*** Opening of Information shown ***
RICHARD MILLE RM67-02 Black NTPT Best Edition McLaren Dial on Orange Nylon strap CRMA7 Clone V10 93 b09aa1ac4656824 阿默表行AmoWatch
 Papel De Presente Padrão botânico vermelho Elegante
*** Close of Information shown ***
*** Opening of Information shown ***
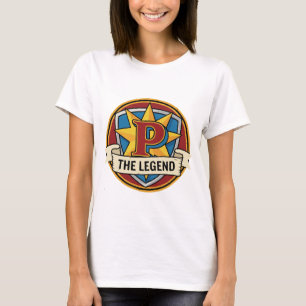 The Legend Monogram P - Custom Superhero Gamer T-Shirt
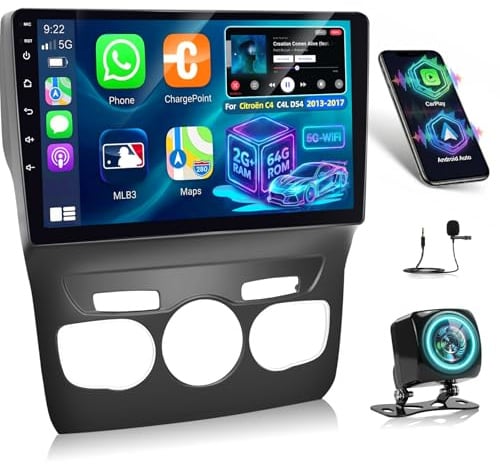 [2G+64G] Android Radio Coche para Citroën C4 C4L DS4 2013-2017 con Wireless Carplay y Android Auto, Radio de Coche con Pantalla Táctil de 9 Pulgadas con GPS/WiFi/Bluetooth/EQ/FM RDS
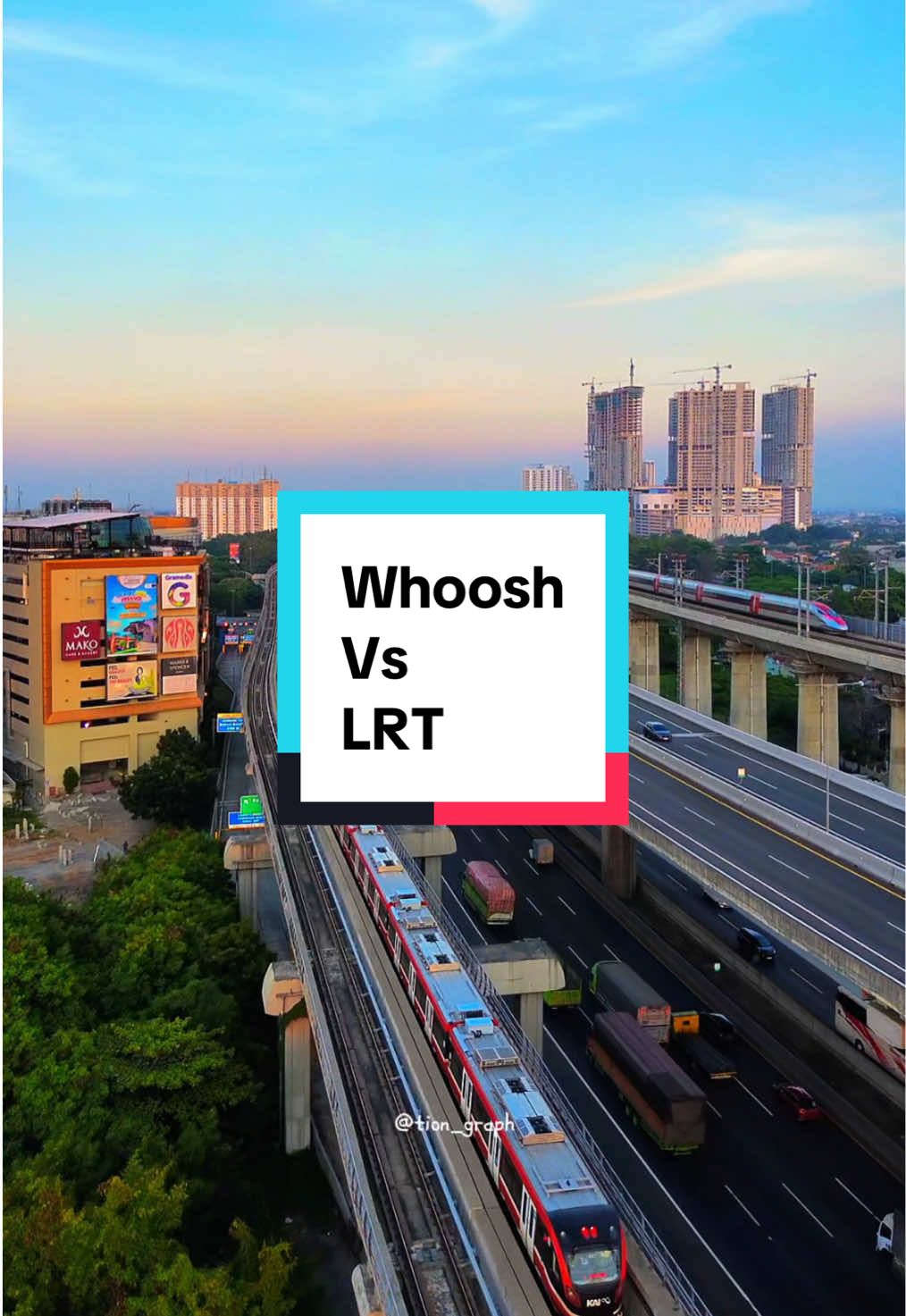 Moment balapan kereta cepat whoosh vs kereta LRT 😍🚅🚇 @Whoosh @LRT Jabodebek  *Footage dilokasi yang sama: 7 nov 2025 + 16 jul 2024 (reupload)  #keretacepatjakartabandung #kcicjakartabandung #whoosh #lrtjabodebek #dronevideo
*** Close of Information shown ***
* _What the task requires_:
Transcribe each line of the data above, unaltered, from the one where "RICHARD MILLE RM67-02" appears to the one where "Papel De Presente" appears, inclusive of both.

* _Solved problem_:
RICHARD MILLE RM67-02 Black NTPT Best Edition McLaren Dial on Orange Nylon strap CRMA7 Clone V10 93 b09aa1ac4656824 阿默表行AmoWatch
 Papel De Presente Padrão botânico vermelho Elegante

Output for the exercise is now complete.